Ora, occorre essere consapevoli che questo progressivo impoverimento delle fasce di mezzo della società non è che il preludio, in prospettiva, alla loro cancellazione, poiché il modello sociale che si sta affermando non consentirà l'accesso alla ricchezza, ed a tanta ricchezza, che a più del 20% della popolazione mentre la stragrande maggioranza, nel nuovo modello di società in cui stiamo entrando, è destinata a vivere in un crescente stato di precarietà, nonostante l'entusiasmo dei fautori della cosiddetta “low cost society”. Siamo di fronte ad un bivio: Accompagnare questa trasformazione epocale o cercare di correggerla. Se ci limitiamo ad accompagnarla bisogna mettere nel conto che chi ha soluzioni autoritarie e verticistiche sarà favorito nel far digerire ai popoli delle società avanzate il passaggio da una situazione di diffuso benessere a situazioni di precarietà di massa e di crescente contrasto tra ricchezza e povertà. Se invece vogliamo provare a governarla allora credo che dobbiamo innanzitutto tornare a fare in modo che la politica faccia sentire la sua voce laddove si prendono decisioni di grande interesse pubblico.

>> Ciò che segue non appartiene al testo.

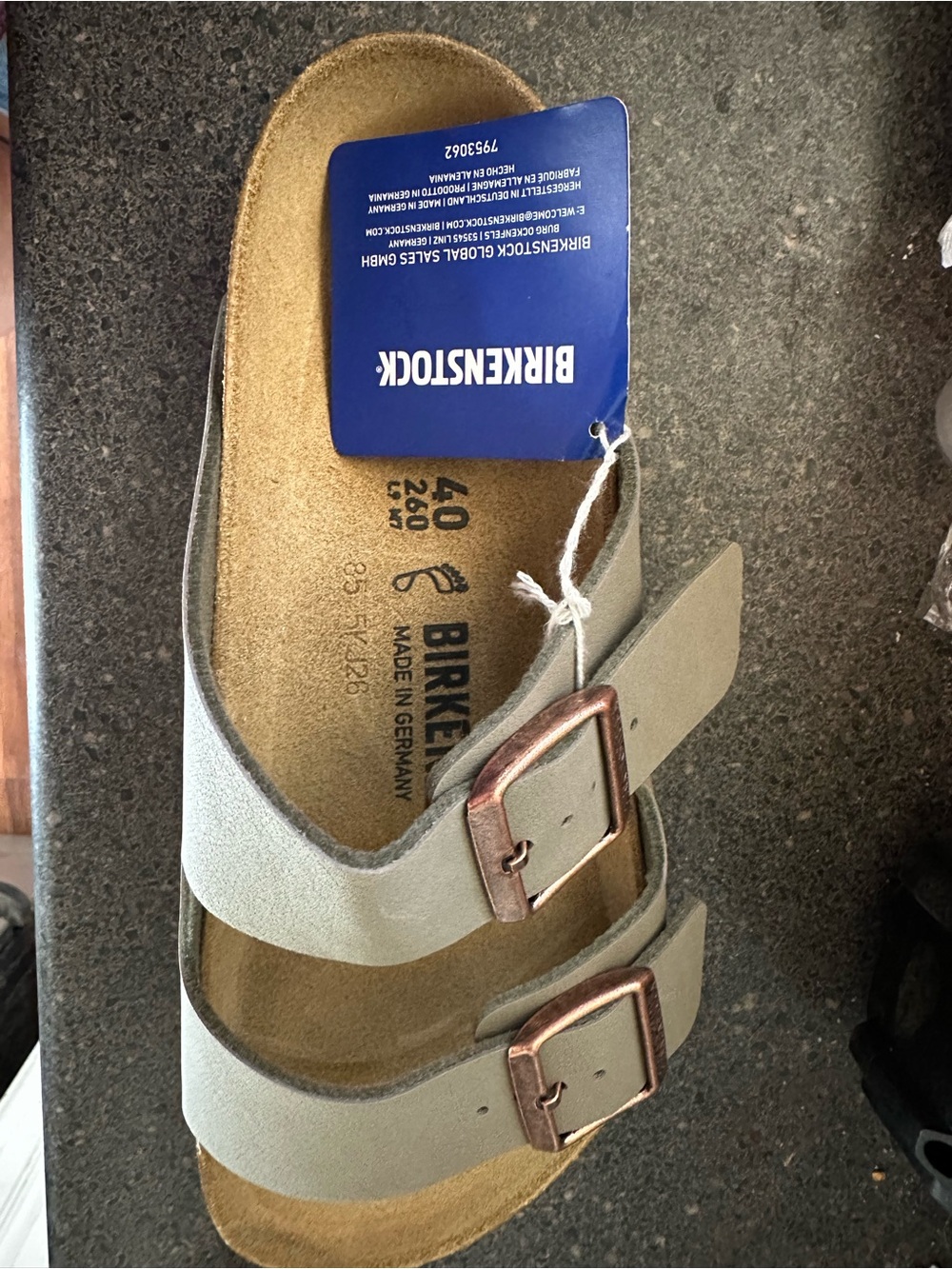 Birkenstock Two-Strap Sandal in Light Gray with Copper Buckles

Come ha riconosciuto recentemente persino l'ex presidente della Consob, Salvatore Bragantini, “l'economia mondiale è oggi plasmata non più dalle politiche industriali degli stati, ma dalla necessità di rendimento dei super-ricchi; in nome di queste sono state realizzate le ingenti ristrutturazioni industriali del recente passato, in Europa e, ancor più, negli Usa. Esse hanno portato a licenziamenti in massa di operai e classe media; la vita di queste persone è stata sconvolta per permettere a chi era ricco di diventarlo di più”.
Ora, credo che nel Partito Democratico si dovrà discutere molto questo: se limitarsi a ratificare le scelte ultraliberiste dei massimi operatori dell'economia a livello mondiale o se impegnarsi ad esprimere una propria politica economica in grado di delineare un modello di capitalismo che sia ancora conciliabile con la democrazia ed i diritti sociali, prima che sia troppo tardi, perché mi sembra superfluo aggiungere che l'attuale quadro di “deregulation” e di speculazione incontrollata è portatore di instabilità finanziaria e politica dagli esiti imprevedibili.

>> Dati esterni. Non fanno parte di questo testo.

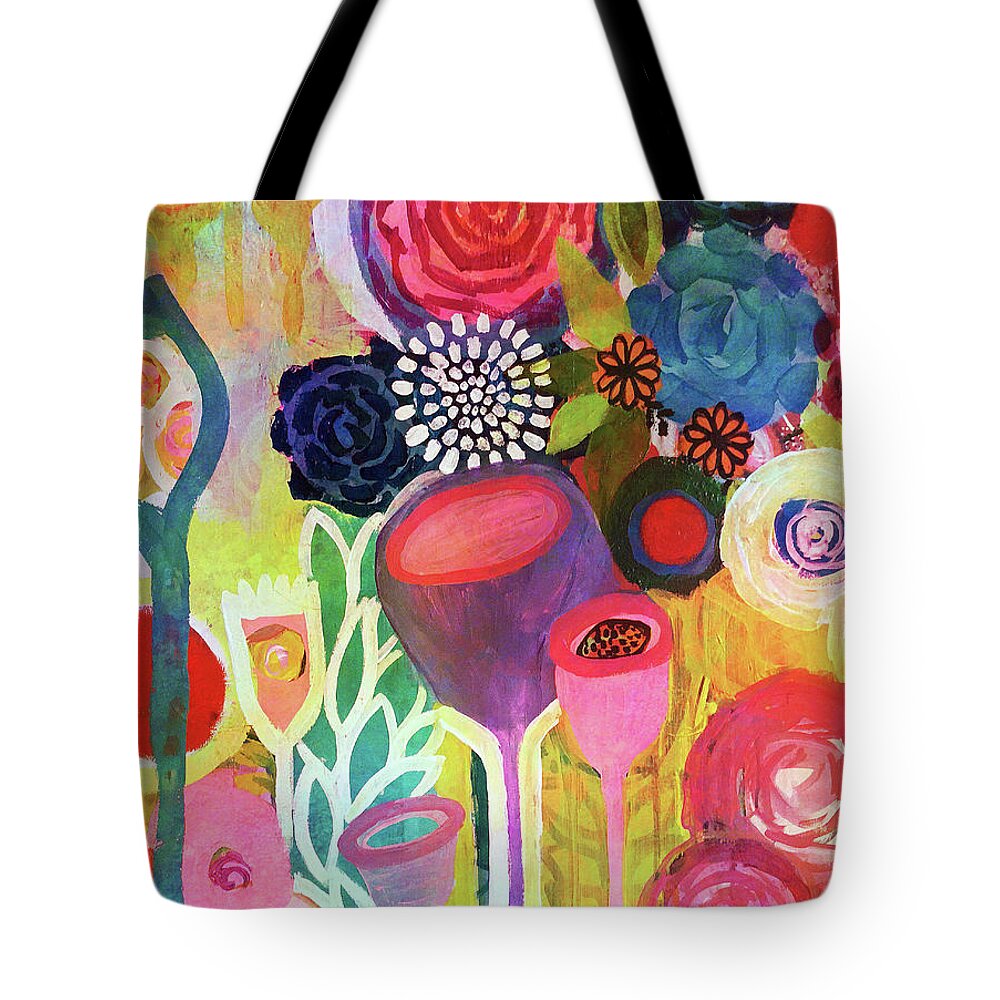 Floral Tote Bag featuring the painting Hallelujah by Robin Mead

Oggi si è tornati a parlare di crisi della politica ed il ceto politico sta tornando sul banco degli imputati come non si era più visto dal 1992 in avanti. A me pare che questa, pur fondata polemica sui costi della politica, si limiti ad un aspetto non centrale del problema. Assistiamo, infatti, al seguente paradosso: all'aumento dei costi della politica è corrisposto un progressivo disimpegno dall'esercizio del potere, una perdita di ruolo, una debolezza della politica. Oggi le decisioni che contano e le strategie politiche tendono ad essere definite in centri privati, lontano dai riflettori dei mass media che per lo più dipendono da questi centri di potere reale. Ciò pone anche un grosso problema di pluralismo dell'informazione. Gli eccessivi costi della politica si riducono così ad essere il frutto di una rendita di posizione, che, se vogliamo riconoscerlo, in Italia, accomuna i politici, ai grandi industriali, ai banchieri, ai top managers pubblici e privati.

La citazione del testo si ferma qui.